• **Task item**: From the line with "Land Rover Defender" through the line with "429 Simpson Street photo 4", inclusive, return each line of the data below exactly and leave the rest out.

• **Extracted records**:
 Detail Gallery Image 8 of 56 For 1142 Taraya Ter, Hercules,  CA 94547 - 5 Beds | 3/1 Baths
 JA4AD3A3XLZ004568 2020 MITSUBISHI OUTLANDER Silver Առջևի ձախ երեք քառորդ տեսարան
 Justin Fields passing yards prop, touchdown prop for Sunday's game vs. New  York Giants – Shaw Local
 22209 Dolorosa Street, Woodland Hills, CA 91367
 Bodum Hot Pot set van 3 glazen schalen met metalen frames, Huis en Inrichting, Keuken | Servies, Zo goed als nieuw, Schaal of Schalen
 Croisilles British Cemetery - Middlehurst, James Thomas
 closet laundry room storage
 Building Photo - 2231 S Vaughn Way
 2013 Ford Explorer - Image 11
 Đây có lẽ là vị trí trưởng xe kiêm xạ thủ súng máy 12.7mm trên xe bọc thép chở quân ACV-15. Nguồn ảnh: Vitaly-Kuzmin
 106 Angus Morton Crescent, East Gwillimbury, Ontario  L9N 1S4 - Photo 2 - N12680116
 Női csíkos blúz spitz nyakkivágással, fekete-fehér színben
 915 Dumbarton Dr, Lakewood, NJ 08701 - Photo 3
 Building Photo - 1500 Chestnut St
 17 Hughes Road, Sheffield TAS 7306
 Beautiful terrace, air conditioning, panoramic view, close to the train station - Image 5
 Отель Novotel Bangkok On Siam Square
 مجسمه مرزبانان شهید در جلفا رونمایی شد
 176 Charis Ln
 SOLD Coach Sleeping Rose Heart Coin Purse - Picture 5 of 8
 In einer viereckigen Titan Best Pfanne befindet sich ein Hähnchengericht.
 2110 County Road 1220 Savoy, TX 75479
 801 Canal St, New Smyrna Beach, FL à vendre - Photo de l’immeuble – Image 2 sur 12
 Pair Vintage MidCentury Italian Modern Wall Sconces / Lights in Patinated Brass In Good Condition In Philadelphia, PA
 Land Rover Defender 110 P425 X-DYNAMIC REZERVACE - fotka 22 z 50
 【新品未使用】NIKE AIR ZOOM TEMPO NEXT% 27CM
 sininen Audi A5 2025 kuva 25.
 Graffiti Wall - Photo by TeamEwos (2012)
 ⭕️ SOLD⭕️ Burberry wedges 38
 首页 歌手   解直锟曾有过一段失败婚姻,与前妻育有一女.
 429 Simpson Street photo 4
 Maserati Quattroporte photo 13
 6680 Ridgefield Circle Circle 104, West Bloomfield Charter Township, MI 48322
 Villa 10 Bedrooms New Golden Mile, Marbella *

• **Answer box**:
 Land Rover Defender 110 P425 X-DYNAMIC REZERVACE - fotka 22 z 50
 【新品未使用】NIKE AIR ZOOM TEMPO NEXT% 27CM
 sininen Audi A5 2025 kuva 25.
 Graffiti Wall - Photo by TeamEwos (2012)
 ⭕️ SOLD⭕️ Burberry wedges 38
 首页 歌手   解直锟曾有过一段失败婚姻,与前妻育有一女.
 429 Simpson Street photo 4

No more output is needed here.